@misc{oai:ir.soken.ac.jp:00000816, author = {上野, 健 and ウエノ, タケシ and UENO, Takeshi}, month = {2016-02-17}, note = {陸上植物はつねに乾燥ストレスに曝されて生育しており,乾燥ストレスを克服しなければ生存できない.陸上植物は維管束植物(シダ植物,種子植物)と非維管東植物(コケ植物)にわけられる.維管束植物は乾燥ストレスに対して様々な形態的,生理的応答をみせる.いっぽう,コケ植物ではそれがもつ変水性という特殊な性質から脱水耐性に関する研究は数多く行われているものの,乾燥ストレスに対して形態的,生理的にどのような応答がなされているのかあまりわかっていない.しかも,乾燥ストレスに対する形態的,生理的応答を一貫して扱った研究はない.コケ植物の乾燥ストレスへの応答を明らかにすることは,陸上植物の水分維持機構の進化を考える上でも大変興味深い.

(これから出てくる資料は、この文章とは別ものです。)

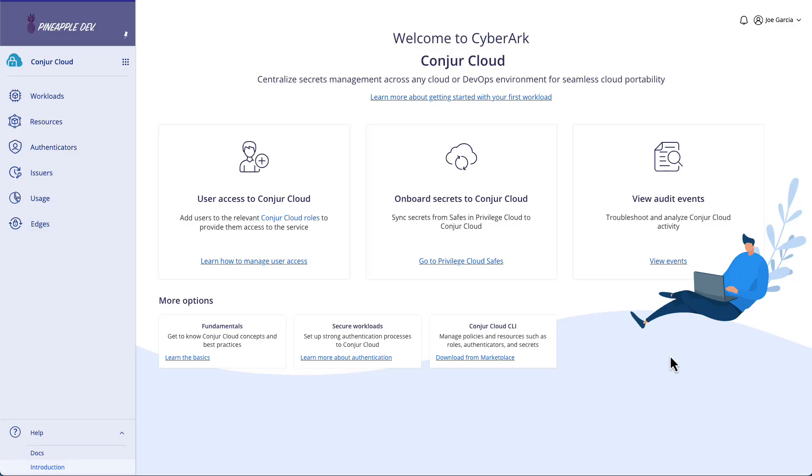What's up, everybody? Today, I'm going to show you a demonstration of how simple it is to introduce CyberArk's identity security platform solution, ConjureCloud, into your Kubernetes cluster.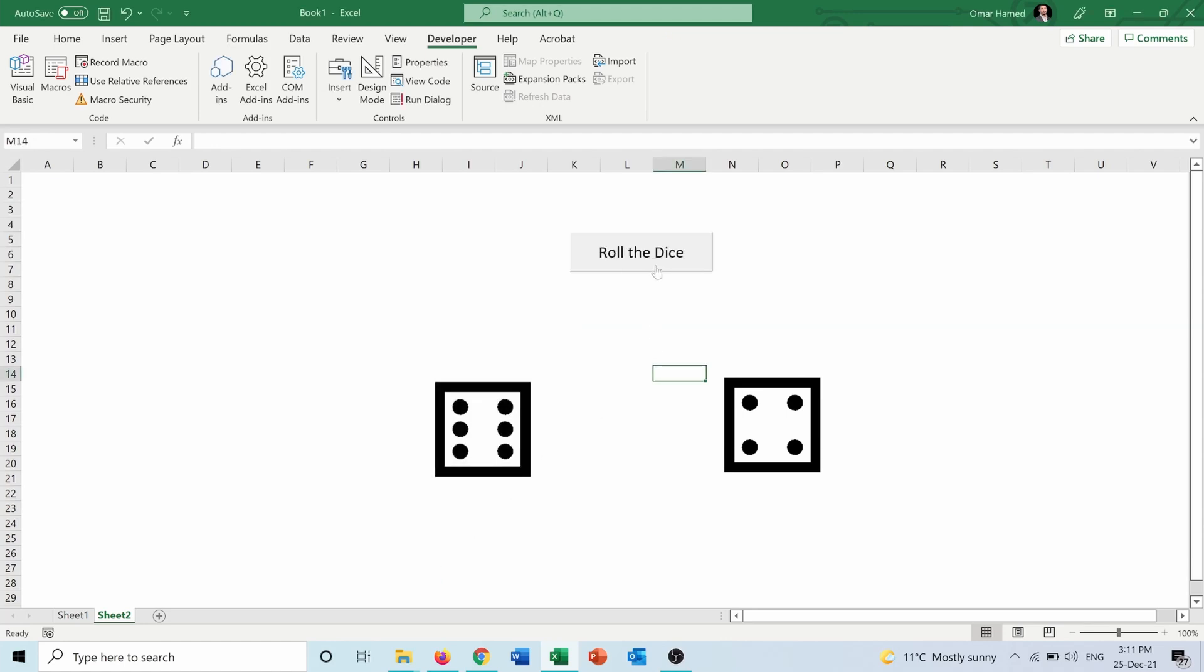So let's try it again. Here you go, I got six and five, one and three. And now you can use this dice in case you don't have physical dice to roll while playing with friends or family.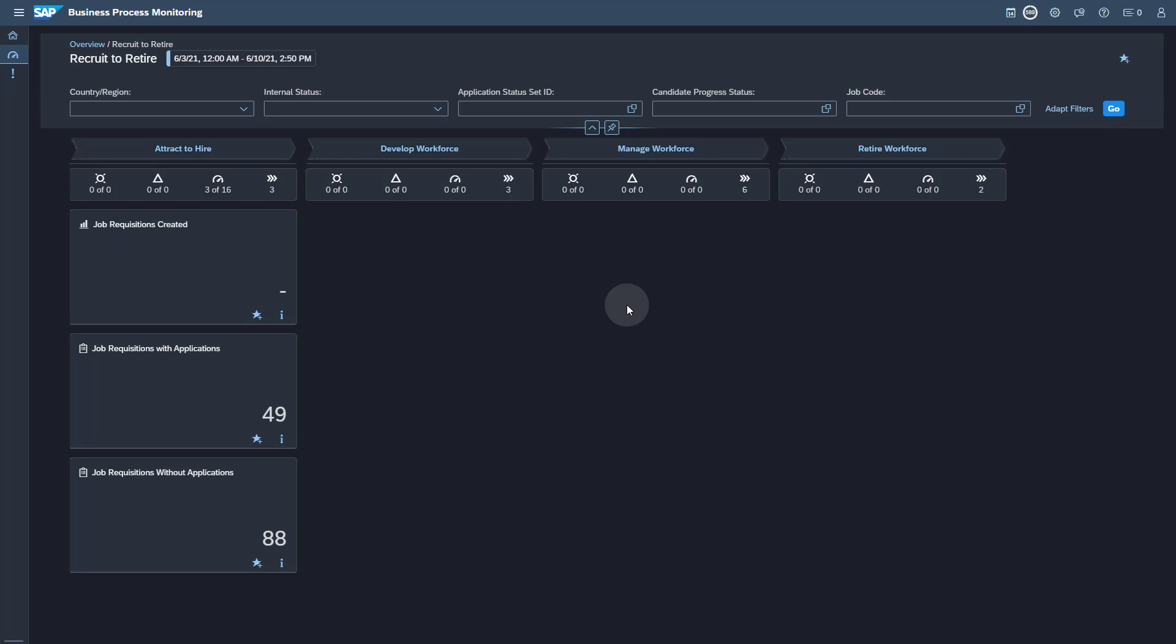Thank you for watching this video. You now know how to set up Business Process Monitoring for SAP SuccessFactors with SAP Cloud ALM. For further information regarding the technical setup, feel free to consult the SAP Cloud ALM for Operations Expert Portal, which is continuously updated with the latest news. A link to the Expert Portal is provided in the description of this video.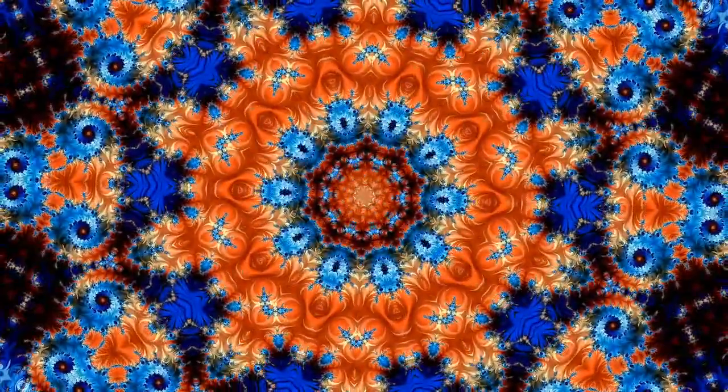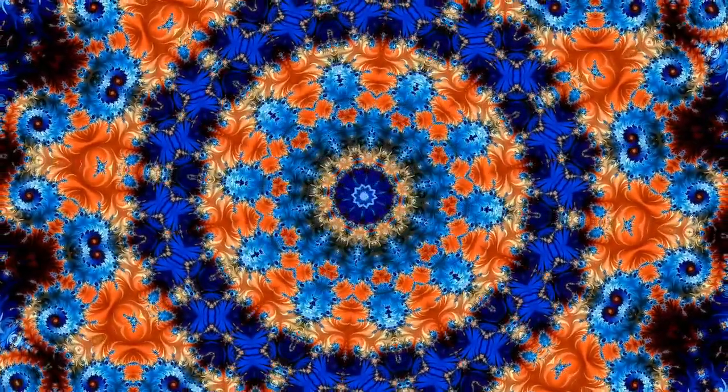You might notice also that your back moves very subtly with the breath. See if you can take your awareness there now.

 コケ植物の乾燥ストレスへの応答を研究する場所として,コケ植物が旺盛に繁茂しており,乾燥地や湿地という対照的な水環境が近接して存在している北極ツンドラは理想的なフィールドである.
 本研究は,コケ植物の乾燥ストレスへの応答を形態的,生理的側面から明らかにすることを目的に,ノルウェー・スピッツベルゲン島において,乾燥地(Fellfield)と湿地(Snowbed)という対照的な水環境に生育するカギハイゴケの1)コロニーおよびシュート形態とその機能,2)水分生理特性,3)光合成特性の比較研究をおこなった.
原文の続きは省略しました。